Matt pretty much covered it. There are a couple of exceptions to be aware of.
- While using "bat hits ball versus ball hits bat" to determine interference will work 99.99% of the time, there is one rare exception.
If, in the umpire's judgment, the batter willfully placed the bat into the path of the ball, for the purpose of intentionally deflecting the ball, then in that one case even if the bat is lying still on the ground and the ball hits it, interference can be ruled.
- On Matt's last point, I don't think that "intentionally" is part of the equation. You have either interfered, or you have not, and can be guilty of interference even without intending to.
Here is the Case Play for rule 7-4-14:
SITUATION: In hitting a slow roller to F5, the (a) whole bat slips out of
B1's hands and interferes with F5 or (b) her bat breaks and hits the ball or F5 as
F5 attempts to field the ball.
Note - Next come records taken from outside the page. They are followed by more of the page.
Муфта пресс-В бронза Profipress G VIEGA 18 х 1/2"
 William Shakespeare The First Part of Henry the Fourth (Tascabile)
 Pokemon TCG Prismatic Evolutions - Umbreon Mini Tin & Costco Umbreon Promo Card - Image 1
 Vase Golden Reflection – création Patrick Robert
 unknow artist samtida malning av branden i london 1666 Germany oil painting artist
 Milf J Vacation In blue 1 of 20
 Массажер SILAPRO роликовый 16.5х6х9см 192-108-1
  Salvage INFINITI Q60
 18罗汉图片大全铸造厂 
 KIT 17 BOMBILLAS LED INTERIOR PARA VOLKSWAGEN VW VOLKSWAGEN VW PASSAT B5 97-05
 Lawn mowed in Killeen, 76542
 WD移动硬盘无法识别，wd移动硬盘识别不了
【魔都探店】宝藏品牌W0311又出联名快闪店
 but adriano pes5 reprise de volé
RULING: In (a), the ball is dead immediately. B1 is
declared out for interference, because B1 is responsible for controlling her bat
and not allowing it to interfere with a defensive player attempting a play. In (b),
there is no penalty and the ball remains live.
In part (a), the bat has clearly interfered with a fielder by accident (no intent) and it is still interference.
Part (b) covers a different point that is kind of on a tangent to this rule. It is telling us that a broken bat can never be ruled interference. The whole bat must interfere with a fielder to be a violation.